Richarlison : impasse totale avec Tottenham et transfert avorté
Le feuilleton Richarlison prend une tournure explosive. Selon la BBC, son transfert annoncé vers Vasco da Gama a tout simplement volé en éclats au moment décisif.
Tottenham et le club brésilien avaient trouvé un accord sur l’indemnité. Le plus dur semblait fait. Mais les négociations sur le contrat personnel du joueur se sont fracassées sur des exigences jugées impossibles à concilier.

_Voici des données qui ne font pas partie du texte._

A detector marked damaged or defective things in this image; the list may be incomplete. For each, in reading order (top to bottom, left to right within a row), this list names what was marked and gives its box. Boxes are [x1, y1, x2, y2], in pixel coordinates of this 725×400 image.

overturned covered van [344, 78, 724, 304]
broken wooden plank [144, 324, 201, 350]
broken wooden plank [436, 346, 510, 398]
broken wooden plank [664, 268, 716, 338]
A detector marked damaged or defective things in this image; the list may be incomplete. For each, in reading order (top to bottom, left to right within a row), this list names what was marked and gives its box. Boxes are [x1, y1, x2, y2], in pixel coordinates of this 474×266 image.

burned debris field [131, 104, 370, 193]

Résultat : à l’approche de la fermeture du marché brésilien, vendredi soir, tout indique que l’attaquant de 29 ans va rester coincé à Londres.
Un mercato chaotique et un joueur écarté
Cette nouvelle désillusion s’inscrit dans une période totalement chaotique pour le Brésilien. Écarté de l’effectif inscrit en Premier League, il a vu un transfert de dernière minute à Everton, estimé à 35 millions de livres, s’effondrer dans les dernières heures du mercato anglais.

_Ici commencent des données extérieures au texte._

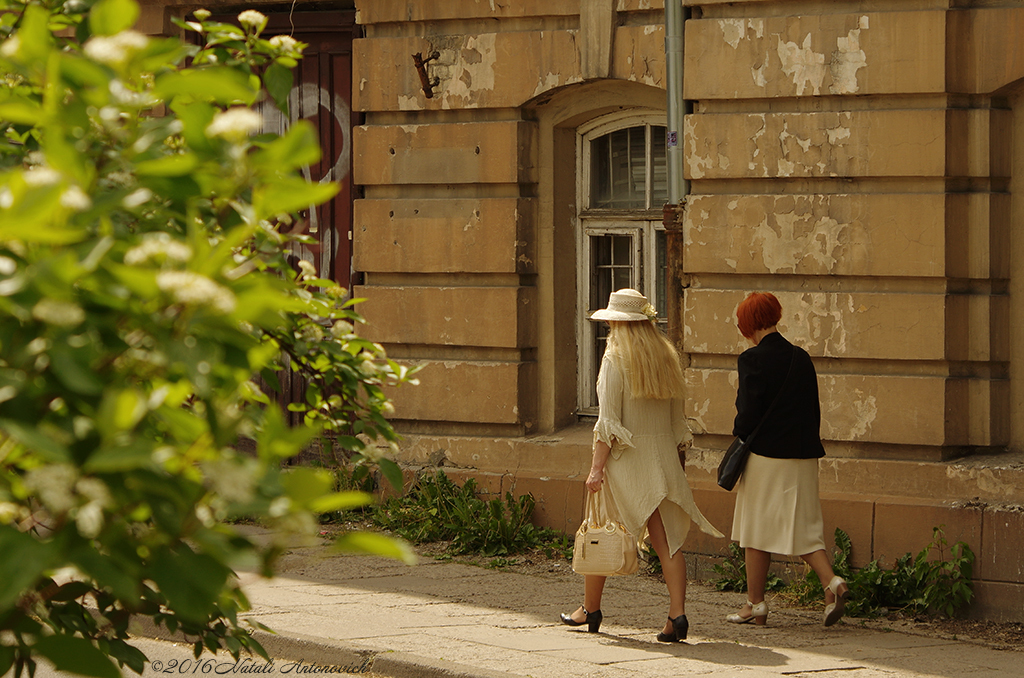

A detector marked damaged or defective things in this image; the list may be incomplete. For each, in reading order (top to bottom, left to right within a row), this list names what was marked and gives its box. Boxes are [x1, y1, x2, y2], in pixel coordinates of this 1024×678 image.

peeling paint on wall [778, 33, 827, 95]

Depuis, le climat est délétère. Club et joueur s’opposent frontalement sur les neuf derniers mois de son contrat. Aucun camp ne lâche. Et la situation sportive, elle, se dégrade encore : Tottenham l’a rétrogradé à l’entraînement avec les moins de 21 ans, une décision vécue comme une humiliation par l’attaquant.

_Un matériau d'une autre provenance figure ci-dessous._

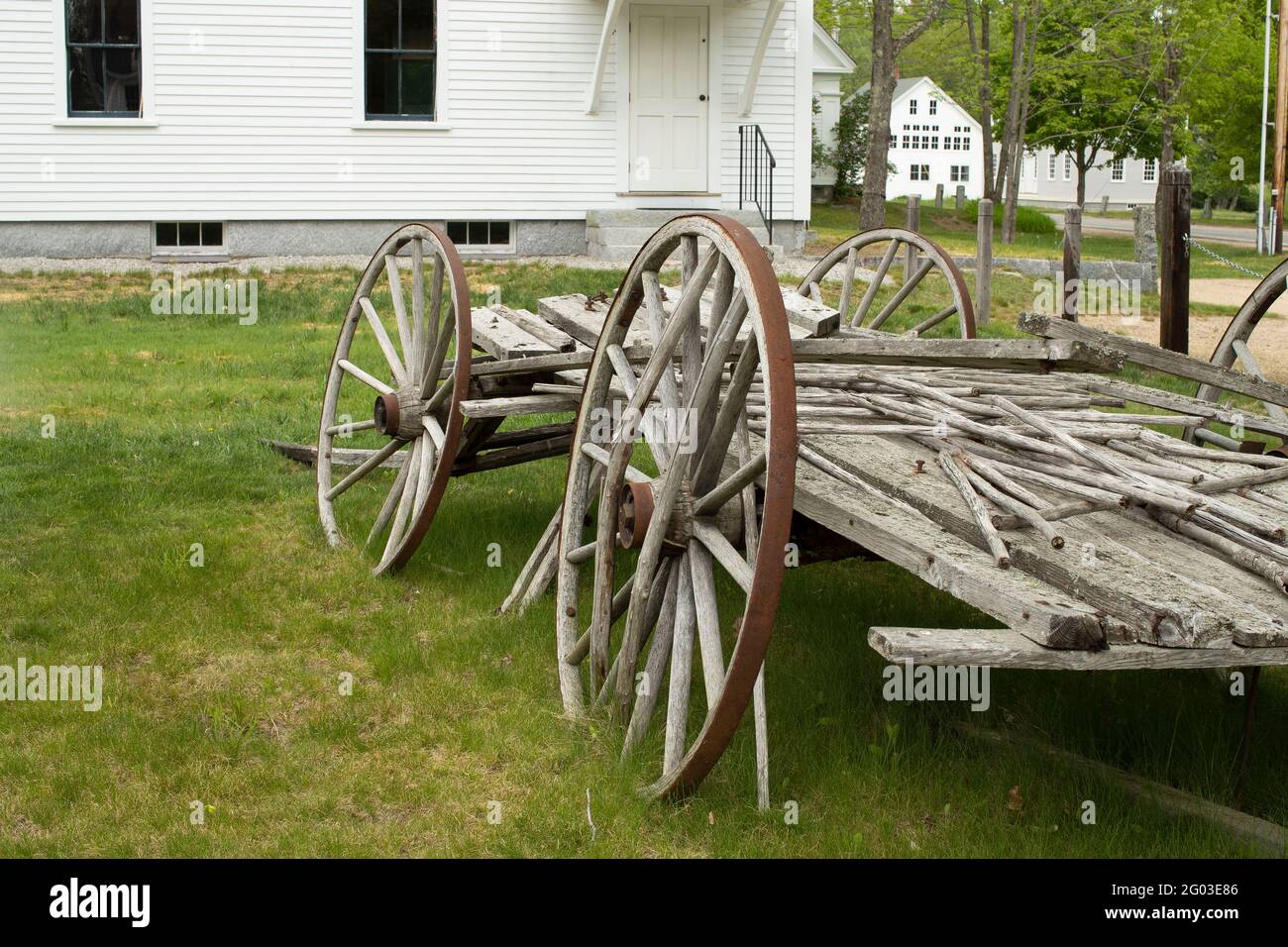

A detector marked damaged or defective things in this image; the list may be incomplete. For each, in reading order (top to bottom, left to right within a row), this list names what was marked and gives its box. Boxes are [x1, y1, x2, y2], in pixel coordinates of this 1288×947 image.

rusty iron wheel rim [315, 224, 472, 579]
rusty iron wheel rim [551, 213, 793, 800]
rusty iron wheel rim [793, 227, 975, 337]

Pour lui, cette mise à l’écart n’est pas seulement symbolique. Il y voit un argument juridique. Persuadé que ce traitement lui donne des bases solides pour rompre son contrat, le Brésilien a saisi la FIFA dans une tentative spectaculaire de faire casser son engagement avec les Spurs.
Ironie cruelle : il avait débuté la saison comme titulaire lors de la défaite inaugurale sur la pelouse de Brentford. Ce match pourrait bien rester comme sa dernière apparition sous le maillot de Tottenham.
Everton, Vasco… et toujours aucun point de chute
Avant de regarder vers Vasco da Gama, Richarlison avait surtout été annoncé sur le chemin du retour à Everton, où il a marqué 53 buts en 152 rencontres et laissé un vrai souvenir. Le cadre était idéal, le passé plaidait pour lui, le besoin offensif était réel.
Mais l’histoire n’a pas rejoué. L’attaquant a refusé l’opportunité de retrouver le club de Goodison Park, agacé par la manière dont les discussions ont été menées. La porte s’est refermée. Puis celle de Vasco vient à son tour de claquer.
Le voilà sans solution immédiate, au cœur d’un conflit contractuel, à quelques heures de la fermeture du marché brésilien.
De Zerbi se protège, le club garde une arme
Face à cette tempête, Roberto De Zerbi a choisi de rester en retrait. Interrogé en conférence de presse vendredi, le manager de Tottenham a botté en touche.
« Je ne sais pas. Ce n’est pas mon travail », a-t-il lâché d’abord, avant de préciser qu’il connaissait « très bien ce que le club a fait pour Richarlison et ce que Richarlison a fait pour le club dans le dernier mois, les deux derniers mois ». Puis cette pique adressée aux médias : « Je sais, le club sait, il sait, son agent sait. Tout le monde sait mieux que vous. Beaucoup mieux. »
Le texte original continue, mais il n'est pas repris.